* [Exercise brief] Exact copies of the lines from the start of the records through the line with "Glass-enclosed shower with" are what the answer must hold; pictures are not part of it.

[[ Dataset open ]]

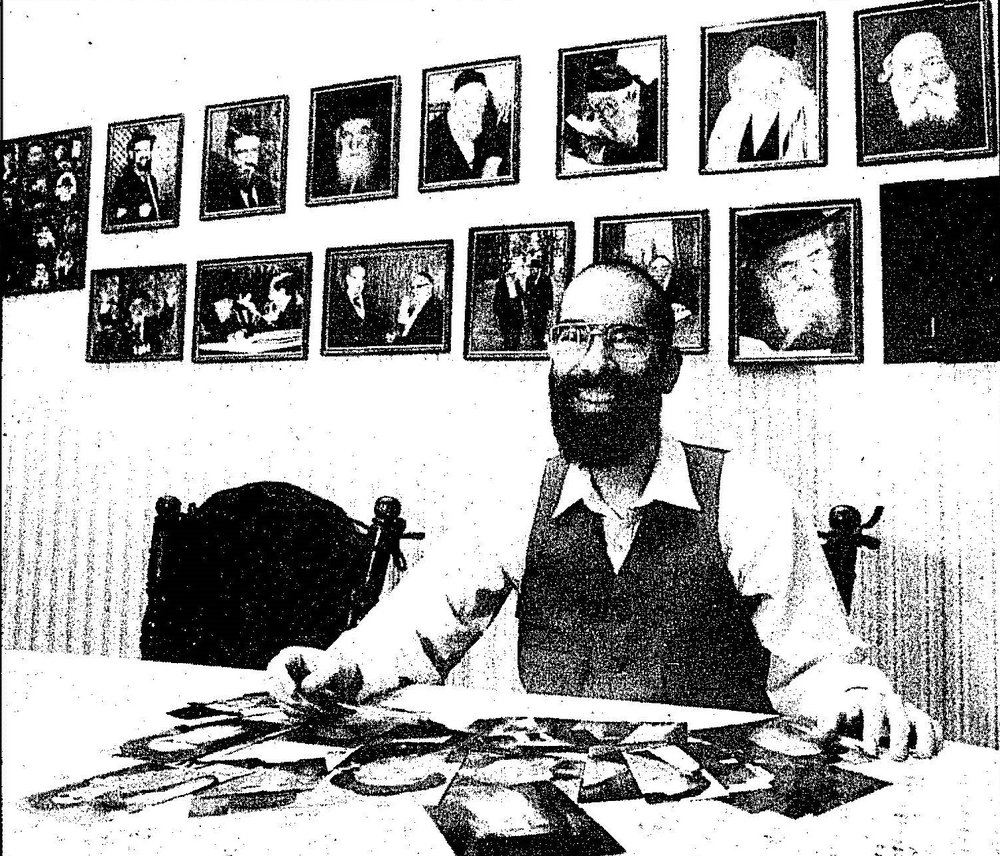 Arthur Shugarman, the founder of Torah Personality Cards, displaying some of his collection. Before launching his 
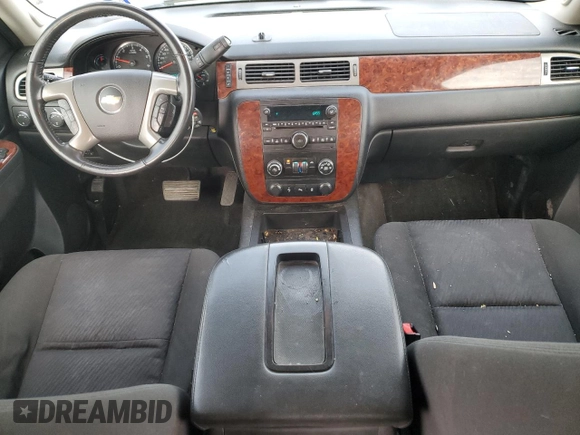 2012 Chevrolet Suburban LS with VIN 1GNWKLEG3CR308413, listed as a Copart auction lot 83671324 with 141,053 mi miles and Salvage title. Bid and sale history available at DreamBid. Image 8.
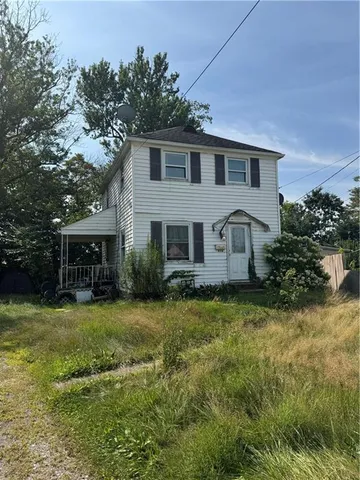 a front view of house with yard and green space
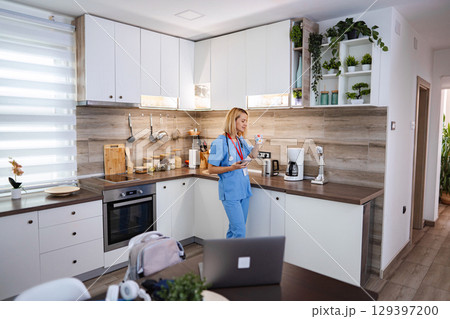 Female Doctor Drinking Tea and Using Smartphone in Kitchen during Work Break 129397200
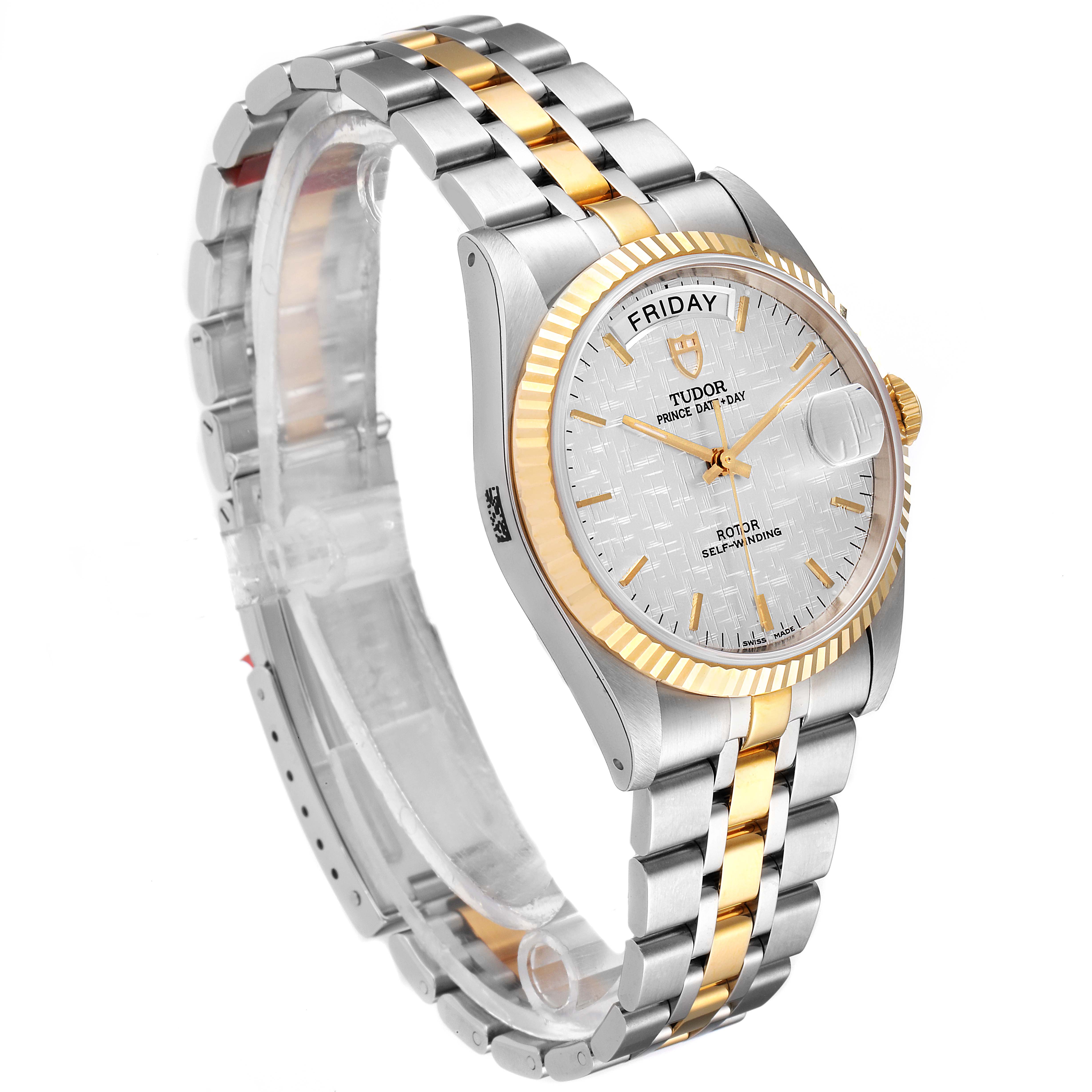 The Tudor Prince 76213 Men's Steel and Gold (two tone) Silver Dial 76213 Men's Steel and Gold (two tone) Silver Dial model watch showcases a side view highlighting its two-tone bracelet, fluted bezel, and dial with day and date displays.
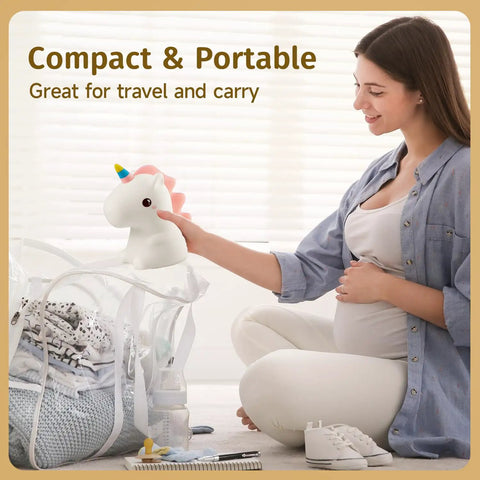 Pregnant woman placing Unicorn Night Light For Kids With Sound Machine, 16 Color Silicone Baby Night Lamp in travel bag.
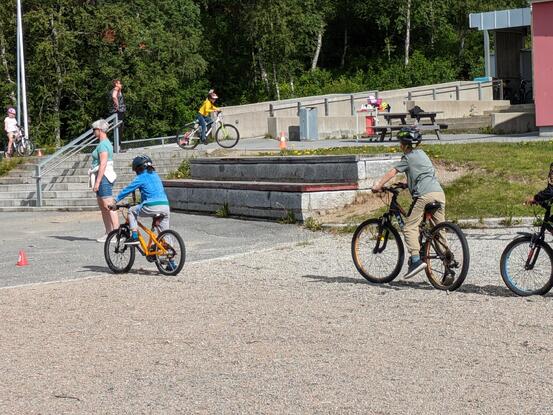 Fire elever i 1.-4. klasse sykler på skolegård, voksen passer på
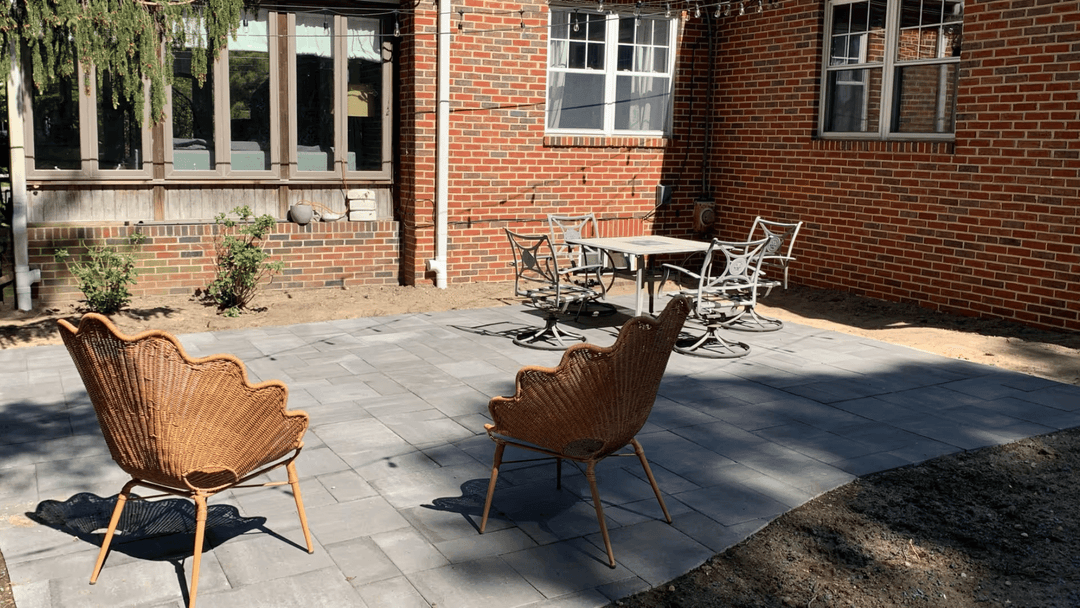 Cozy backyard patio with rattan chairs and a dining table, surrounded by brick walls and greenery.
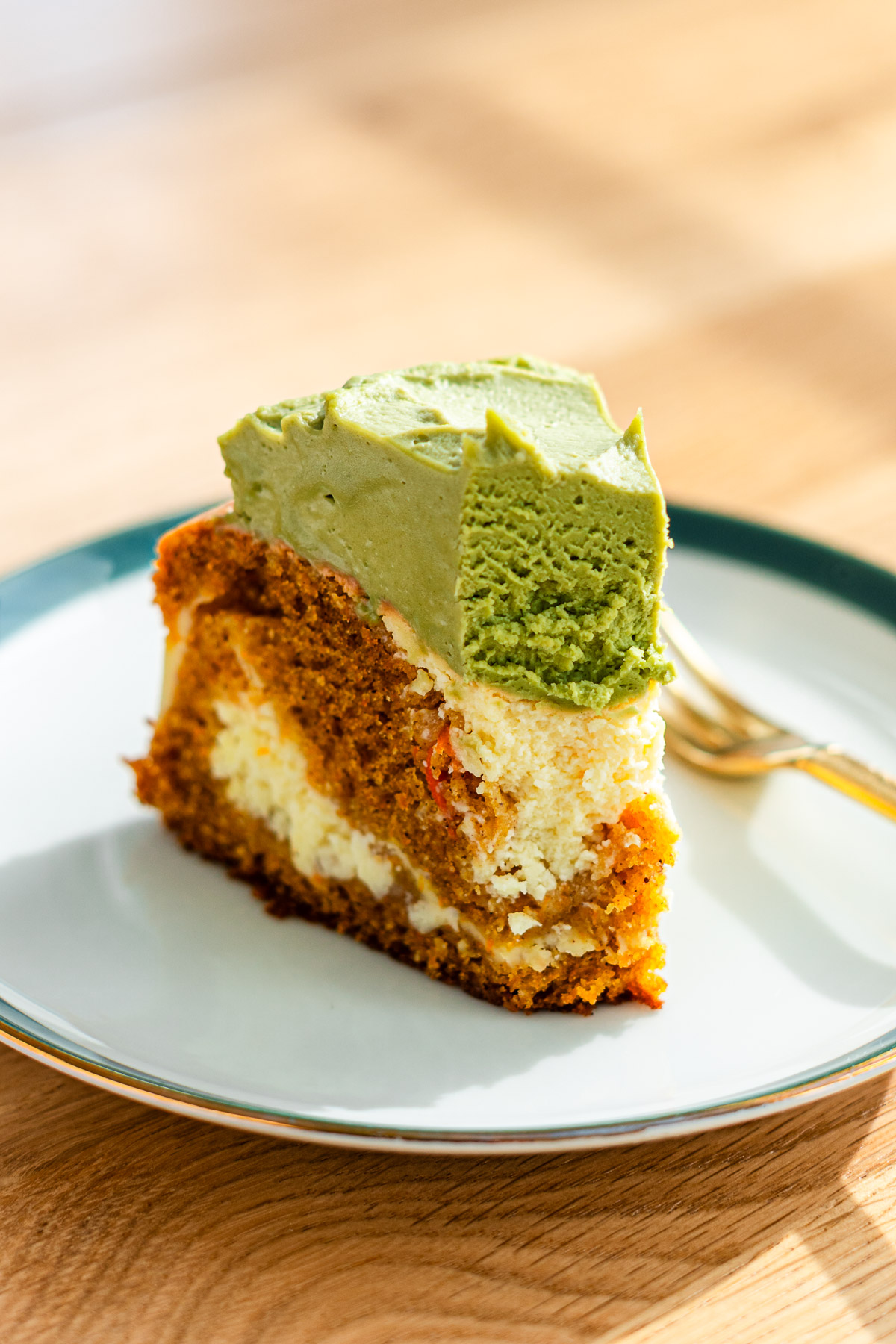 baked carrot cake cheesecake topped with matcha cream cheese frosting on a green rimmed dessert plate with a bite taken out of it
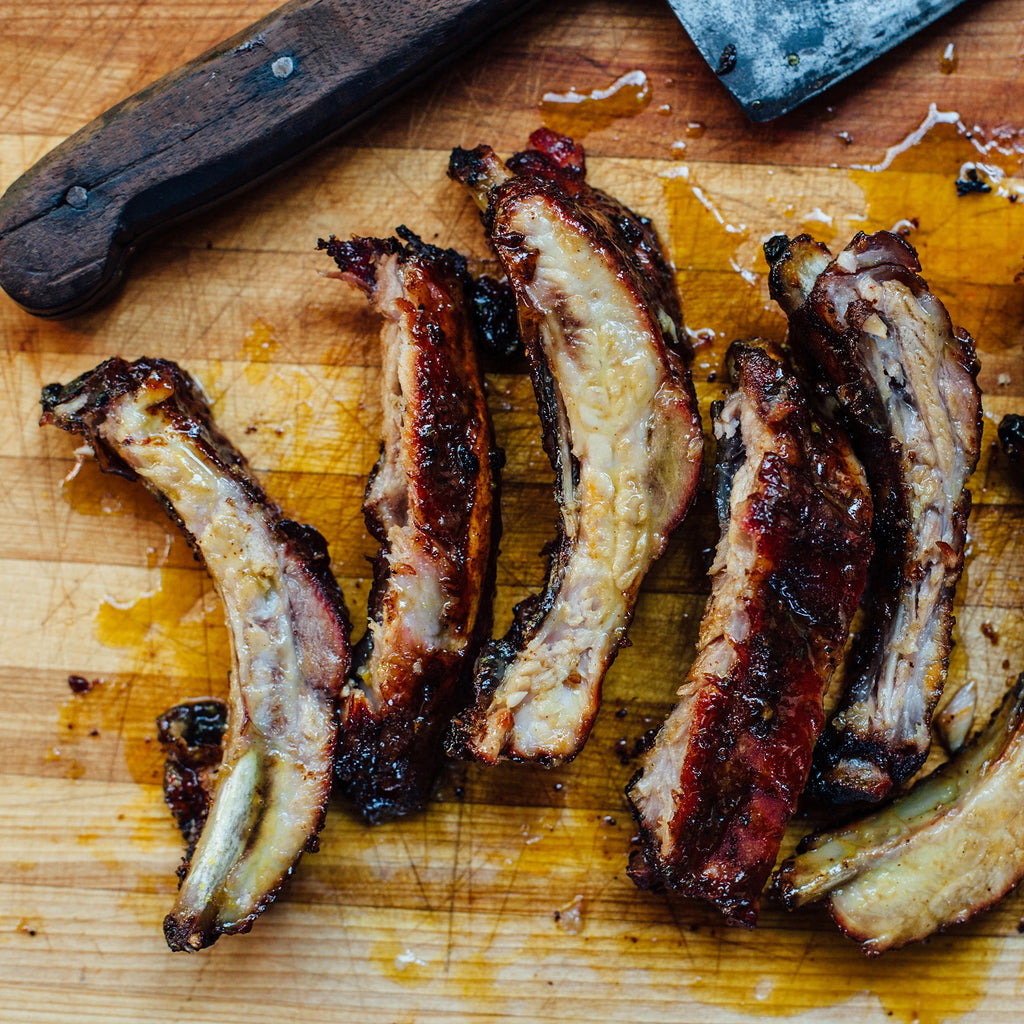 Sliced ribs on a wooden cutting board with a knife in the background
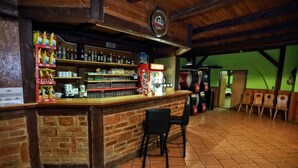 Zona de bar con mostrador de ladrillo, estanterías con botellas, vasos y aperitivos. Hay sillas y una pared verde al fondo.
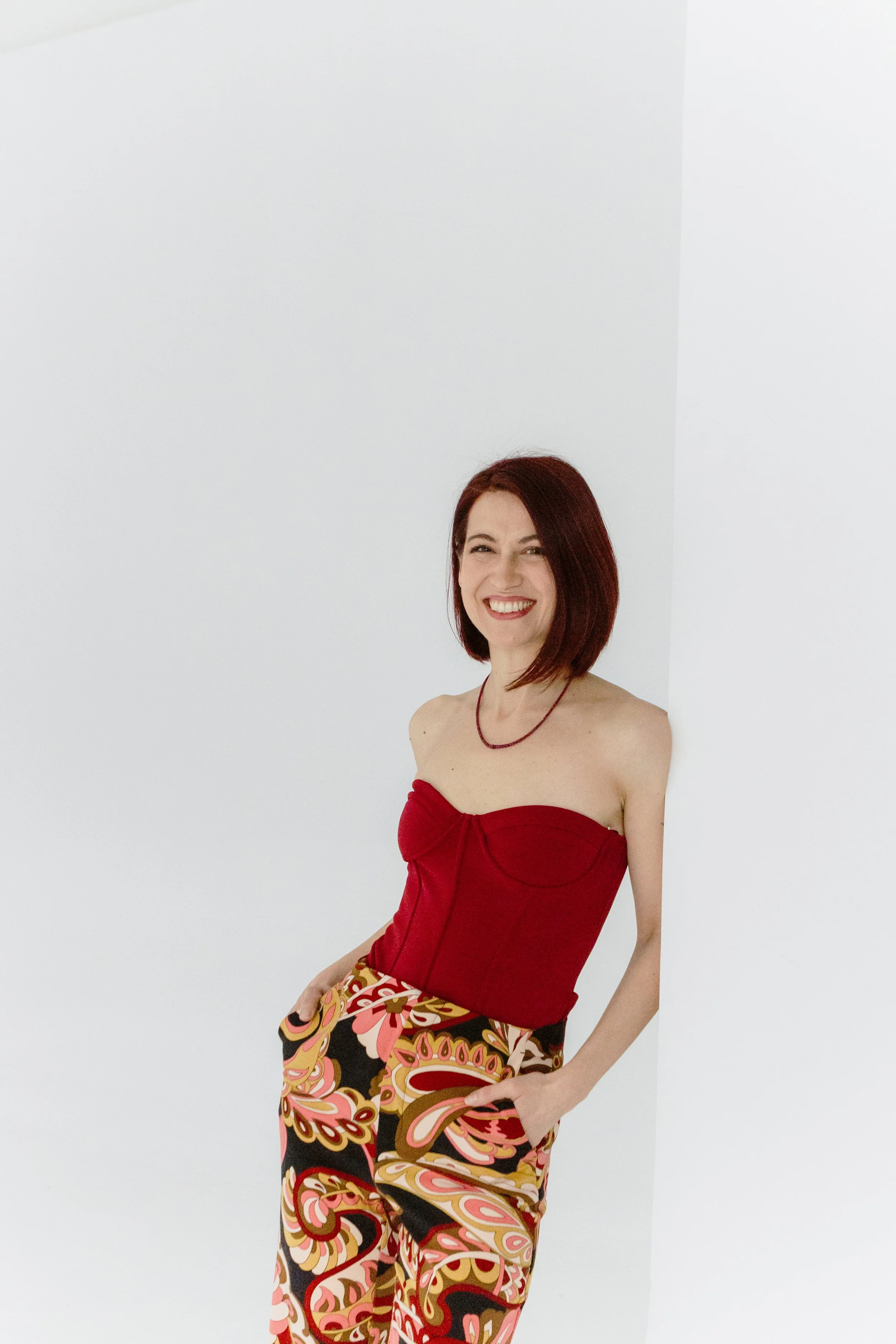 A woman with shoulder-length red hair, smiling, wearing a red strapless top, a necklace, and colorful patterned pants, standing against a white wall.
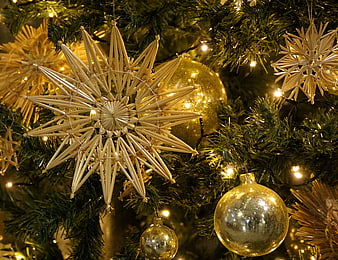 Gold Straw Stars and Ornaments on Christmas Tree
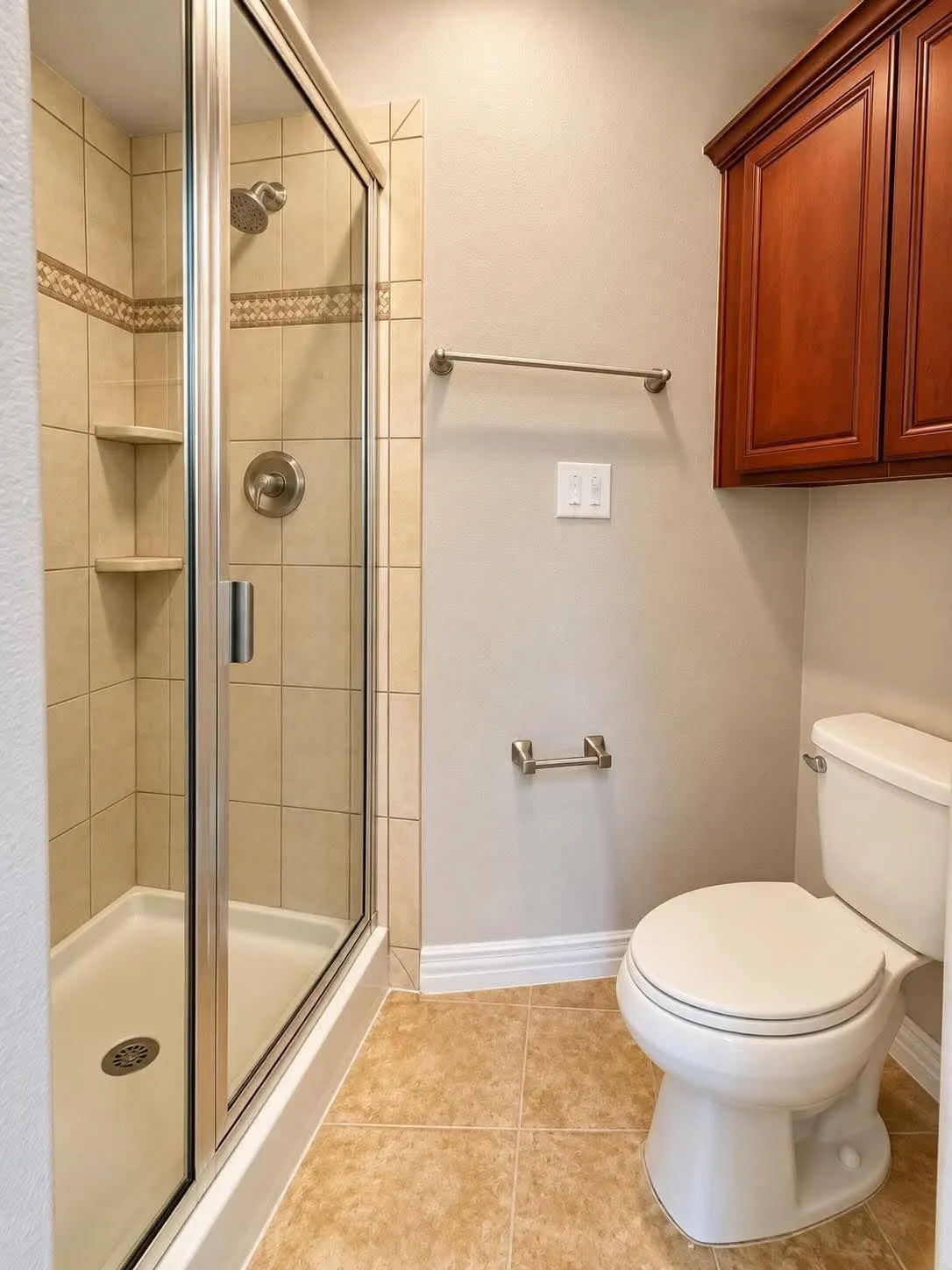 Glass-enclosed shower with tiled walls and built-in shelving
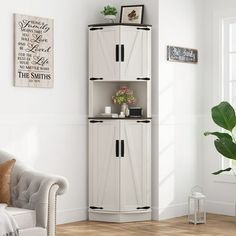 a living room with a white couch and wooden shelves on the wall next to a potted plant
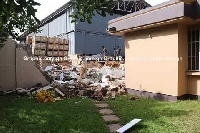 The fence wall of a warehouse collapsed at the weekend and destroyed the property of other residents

[[ Dataset closed ]]

* [Solved exercise]
 Arthur Shugarman, the founder of Torah Personality Cards, displaying some of his collection. Before launching his 
 2012 Chevrolet Suburban LS with VIN 1GNWKLEG3CR308413, listed as a Copart auction lot 83671324 with 141,053 mi miles and Salvage title. Bid and sale history available at DreamBid. Image 8.
 a front view of house with yard and green space
 Female Doctor Drinking Tea and Using Smartphone in Kitchen during Work Break 129397200
 The Tudor Prince 76213 Men's Steel and Gold (two tone) Silver Dial 76213 Men's Steel and Gold (two tone) Silver Dial model watch showcases a side view highlighting its two-tone bracelet, fluted bezel, and dial with day and date displays.
 Pregnant woman placing Unicorn Night Light For Kids With Sound Machine, 16 Color Silicone Baby Night Lamp in travel bag.
 Fire elever i 1.-4. klasse sykler på skolegård, voksen passer på
 Cozy backyard patio with rattan chairs and a dining table, surrounded by brick walls and greenery.
 baked carrot cake cheesecake topped with matcha cream cheese frosting on a green rimmed dessert plate with a bite taken out of it
 Sliced ribs on a wooden cutting board with a knife in the background
 Zona de bar con mostrador de ladrillo, estanterías con botellas, vasos y aperitivos. Hay sillas y una pared verde al fondo.
 A woman with shoulder-length red hair, smiling, wearing a red strapless top, a necklace, and colorful patterned pants, standing against a white wall.
 Gold Straw Stars and Ornaments on Christmas Tree
 Glass-enclosed shower with tiled walls and built-in shelving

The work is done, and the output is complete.